Drachenmagier
Ihre dunklen Augen bekamen einen mitleidigen Schimmer.
»Wir müssen ihm
helfen.« Sie faßte nach dem Handlauf des
Niedergangs, um zu Deck 2
hinaufzusteigen. »Wir holen ihn an Bord. Er braucht
Wärme und etwas zu essen.«
Sie schaute sich um und sah, daß wir uns nicht
rührten. »Nun kommt schon! Er
ist bestimmt ziemlich schwer. Allein schaffe ich das nicht.«
Menschen.
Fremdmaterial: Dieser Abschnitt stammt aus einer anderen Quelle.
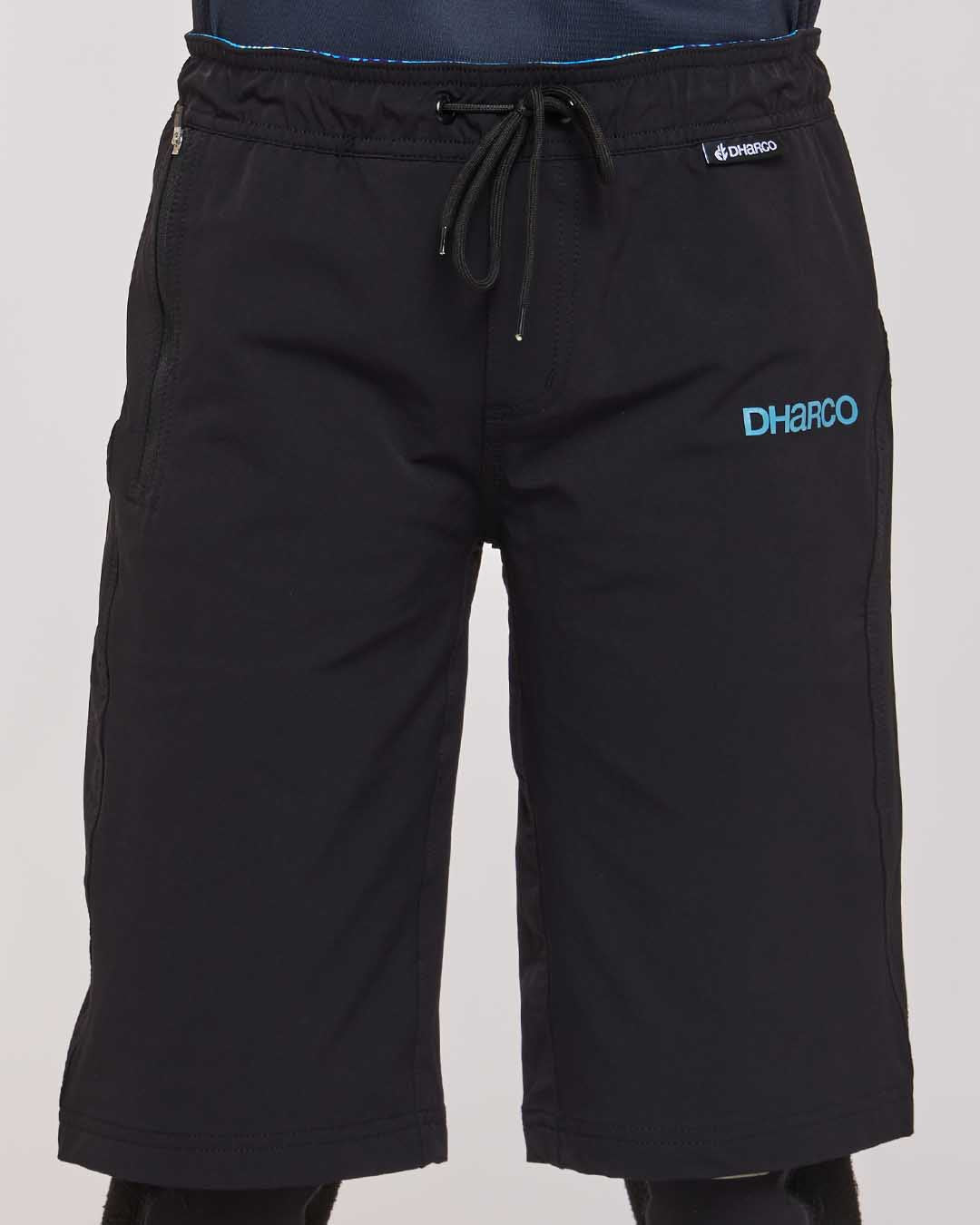 DHARCO Youth Gravity Shorts | Black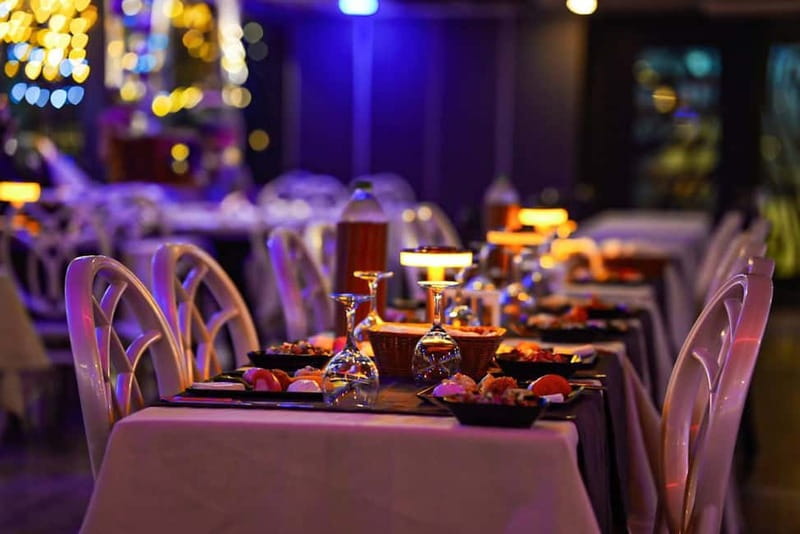 Istanbul: Bosphorus Cruise Dinner, Show & Alcoholic Drinks - Price and value for about $30 a person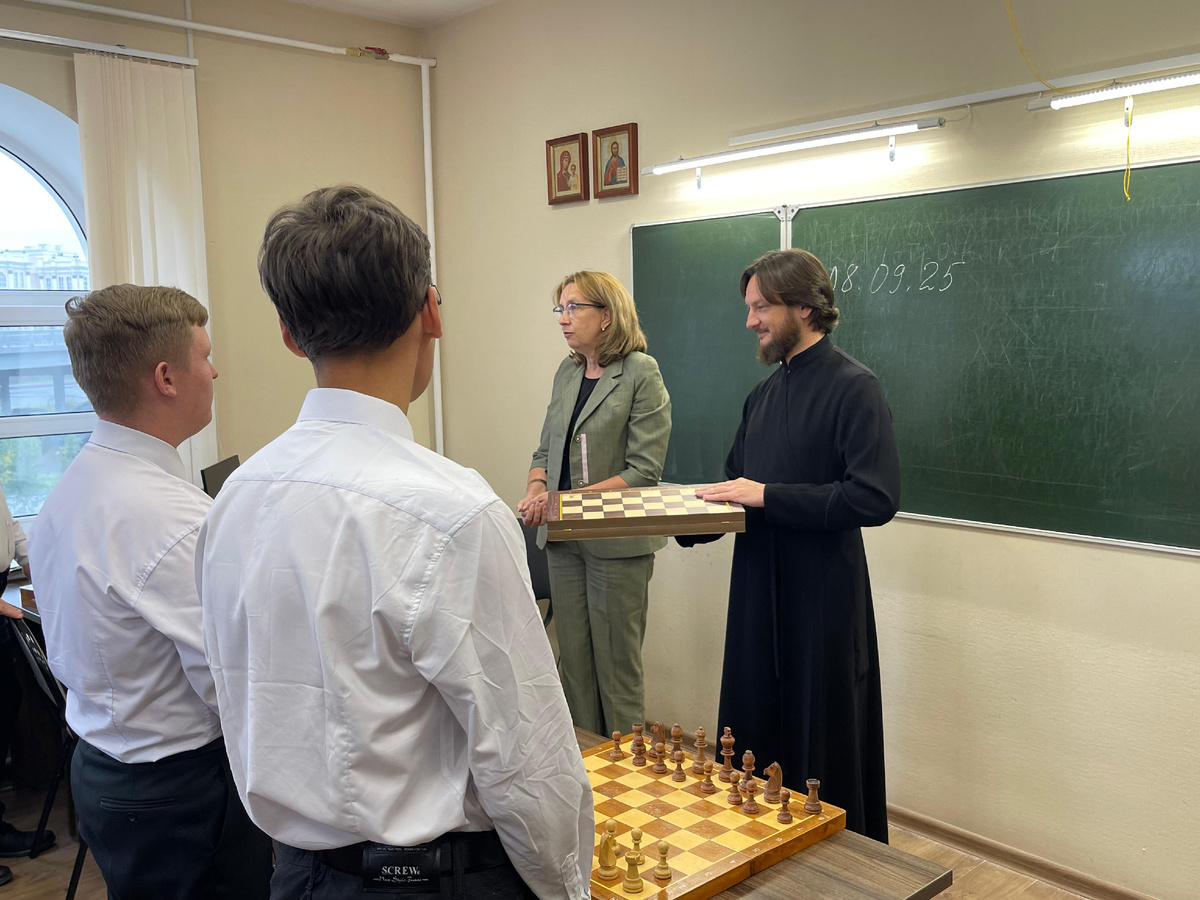 фото СПО Екатеринбргуской епархии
Immer gleich
handeln, etwas tun, ohne erst zu überlegen. Zu ihrem
Glück hatte sie eine Zwergin
dabei.
»Alake, warte. Einen
Augenblick. Hast du vergessen, wohin wir unterwegs sind? Hast du
vergessen, was
uns bevorsteht?«
Alake runzelte die
Stirn, sie ärgerte sich über meine Einwände.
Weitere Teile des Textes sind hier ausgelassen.